Daily Agenda: Commodity Producers Drag Stocks Lower

Anglo American retreat hits Stoxx Europe index; Chinese data shows weak demand; Bernanke to join PIMCO advisory board.


The commodity rout continues to send shockwaves through financial markets. Earlier today, London mining giant Anglo American announced that it will suspend the dividend and reduce its asset portfolio by as much as 60 percent, as the metals industry struggles with slack demand from China. The company’s stock declined nearly 9 percent in London trading afterwards, helping to drive the Stoxx Europe index down by a percent as the entire mining sector declined. Meanwhile, as investors digest results of the Organization of Petroleum Exporting Countries meeting last week, in which producing nations announced they would not curb output, energy markets continue to be wracked by selling pressure. Futures contracts for January delivery of West Texas Intermediate-grade crude declined by nearly 6 percent in trading in New York Monday, falling below $38 per barrel, while Brent contracts fell below $41.
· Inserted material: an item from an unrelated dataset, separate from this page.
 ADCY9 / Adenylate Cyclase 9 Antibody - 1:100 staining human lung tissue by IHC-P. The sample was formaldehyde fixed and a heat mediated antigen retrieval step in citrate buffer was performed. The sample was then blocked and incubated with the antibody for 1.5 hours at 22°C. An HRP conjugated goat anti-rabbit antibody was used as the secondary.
Chinese trade data remains weak. A report issued by China’s General Administration of Customs revealed softer than anticipated export levels for November while the pace of imports declined by less than consensus economist forecasts. Inbound shipments fell by 8.7 percent year-over-year while outgoing levels slipped by 6.8 percent versus November 2014. The data, calculated in U.S. dollars rather than volume, follows weakened purchasing-manager index levels despite recent interest rate cuts by the People’s Bank of China.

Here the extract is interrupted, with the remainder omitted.